Items listed in a dataset:
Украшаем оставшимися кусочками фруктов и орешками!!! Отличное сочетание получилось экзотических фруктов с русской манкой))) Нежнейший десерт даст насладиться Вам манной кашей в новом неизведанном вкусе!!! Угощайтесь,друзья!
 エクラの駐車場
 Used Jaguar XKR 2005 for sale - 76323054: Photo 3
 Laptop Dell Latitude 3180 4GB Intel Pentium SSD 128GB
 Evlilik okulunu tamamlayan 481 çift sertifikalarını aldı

◆ **Problem to solve**
Would you repeat each line above exactly as it stands?

◆ **Response to the exercise**
Украшаем оставшимися кусочками фруктов и орешками!!! Отличное сочетание получилось экзотических фруктов с русской манкой))) Нежнейший десерт даст насладиться Вам манной кашей в новом неизведанном вкусе!!! Угощайтесь,друзья!
 エクラの駐車場
 Used Jaguar XKR 2005 for sale - 76323054: Photo 3
 Laptop Dell Latitude 3180 4GB Intel Pentium SSD 128GB
 Evlilik okulunu tamamlayan 481 çift sertifikalarını aldı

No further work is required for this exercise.